La Vie secrète des collections à la Belle de Mai au Centre de Conservation et de Ressources du Mucem
Mille et un gestes
Le Centre de Conservation et de Ressources du Mucem fête ses dix ans avec l’exposition La Vie secrète des collections à la Belle de Mai. Une occasion formidable de mieux comprendre comment s’articule et se conçoit l’immense collection du musée des civilisations.
Constituées d’un million d’objets et documents, les collections du Mucem sont conservées et accessibles au sein du CCR, conçu par l’architecte Corinne Vezzoni dans le quartier de la Belle de Mai. Comment inventorier, documenter, conditionner, conserver, restaurer ? Puis comment transmettre et témoigner ? Chaque membre de l’équipe du CCR a choisi un objet qui nous permet de traverser les différents métiers du musée : la data, les archives, les installations, les donateurs. L’exposition s’attache à la question des savoir-faire. Le CCR est composé de dix-sept réserves réparties par matériaux et typologies : le bois, les textiles, le cuir, les arts du feu, les arts forains, les poupées / marionnettes…

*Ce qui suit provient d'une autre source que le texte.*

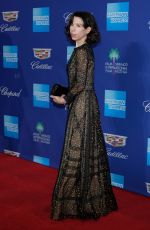 SALLY HAWKINS at 29th Annual Palm Springs International Film Festival Awards Gala 01/02/2018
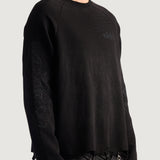 Ashen Thread (Black)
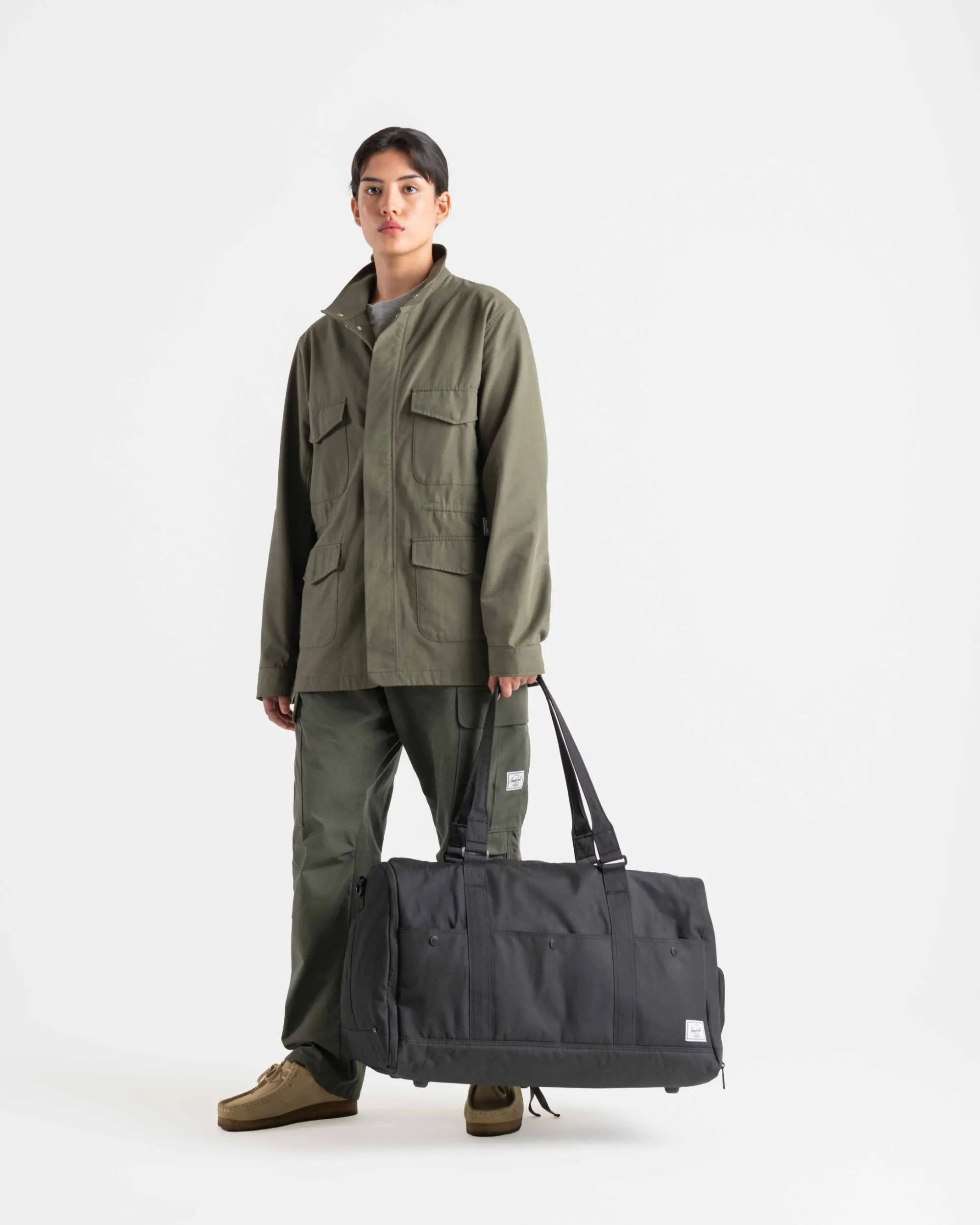 Bennett Duffle - 50L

Définir un musée de société, c’est se poser la question, parmi tant d’autres, de comment les gens boivent, dansent et font la fête. C’est aussi s’interroger sur comment on fait une acquisition, puisque les collections sont inaliénables et imprescriptibles. Qu’est-ce qui distingue un musée des beaux-arts d’un musée des civilisations ? Certainement la finalité et la fonction des objets. Là où un tableau interroge la lumière, un courant de pensées, et ne possède aucune fonction puisqu’il invite à la contemplation, un objet de civilisation nous raconte l’histoire d’une mécanisation, d’un geste, de son utilité et de son évolution dans le temps.
Se promener au milieu de l’immense réserve des arts forains est une expérience joyeuse et intense. On se laisse prendre par le jeu des couleurs, par l’inventaire des petits chevaux, des autos tamponneuses, d’un géant en mousse verte. Tout ce qui constitue l’imagerie d’une fête foraine, mais pas seulement, car un manège de petits chevaux ne tourne pas dans le même sens en France, en Angleterre et aux Etats-Unis. Il y a donc bien un inventaire des fonctions et des spécificités à travers le monde.
Ce qui peut nous apparaitre kitsch au premier regard, parce que démodé et suranné, nous raconte d’où nous venons et où nous allons ; ce que nous adulons, puis délaissons pour mieux se le réapproprier trente ou quarante ans plus tard (la mode). Il y a aussi la question de l’ethnographie et de comprendre ce qui nous différencie d’un village à un autre, d’une région, d’un continent à l’autre. Au même titre qu’une langue étrangère, l’objet venu d’ailleurs, l’objet venu de temps anciens nous reconnecte à l’histoire des peuples et pourquoi nous vivons ici et maintenant. Nous sommes libres de vivre dans le cocon de notre quotidien, celui que nous construisons patiemment dans l’intimité d’une famille, comme un monde indépendant qui nous protège de l’extérieur, mais ce que nous sommes et ce que nous consommons ne vient pas de nulle part et dans chacun de nos gestes, il existe un passé.
Karim Grandi-Baupain
La Vie secrète des collections à la Belle de Mai : jusqu’au 8/03/2024 au Centre de Conservation et de Ressources du Mucem (1 rue Clovis Hugues, 3e).